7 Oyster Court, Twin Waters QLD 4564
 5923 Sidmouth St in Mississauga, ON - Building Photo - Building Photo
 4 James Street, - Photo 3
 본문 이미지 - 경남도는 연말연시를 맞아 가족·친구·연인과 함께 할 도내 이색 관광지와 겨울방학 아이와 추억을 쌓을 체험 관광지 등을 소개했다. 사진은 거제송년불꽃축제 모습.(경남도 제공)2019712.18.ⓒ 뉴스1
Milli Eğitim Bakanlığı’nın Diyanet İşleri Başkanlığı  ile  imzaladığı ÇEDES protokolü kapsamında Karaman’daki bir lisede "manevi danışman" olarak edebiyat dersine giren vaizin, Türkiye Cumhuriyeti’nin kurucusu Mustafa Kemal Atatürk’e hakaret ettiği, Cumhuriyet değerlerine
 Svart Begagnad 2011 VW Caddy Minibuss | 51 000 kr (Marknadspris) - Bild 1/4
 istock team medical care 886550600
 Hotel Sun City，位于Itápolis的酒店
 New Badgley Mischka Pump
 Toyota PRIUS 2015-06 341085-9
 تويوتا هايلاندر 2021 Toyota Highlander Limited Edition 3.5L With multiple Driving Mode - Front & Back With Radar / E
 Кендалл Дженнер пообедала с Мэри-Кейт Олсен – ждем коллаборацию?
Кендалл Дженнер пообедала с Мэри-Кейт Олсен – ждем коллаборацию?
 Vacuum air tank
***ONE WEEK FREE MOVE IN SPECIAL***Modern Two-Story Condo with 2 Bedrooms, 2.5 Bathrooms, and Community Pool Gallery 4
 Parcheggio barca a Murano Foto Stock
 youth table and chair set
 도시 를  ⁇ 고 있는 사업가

---+---

* [Assignment] Please copy each line of the material that contains the word "Дженнер".

* [Written solution]
 Кендалл Дженнер пообедала с Мэри-Кейт Олсен – ждем коллаборацию?
Кендалл Дженнер пообедала с Мэри-Кейт Олсен – ждем коллаборацию?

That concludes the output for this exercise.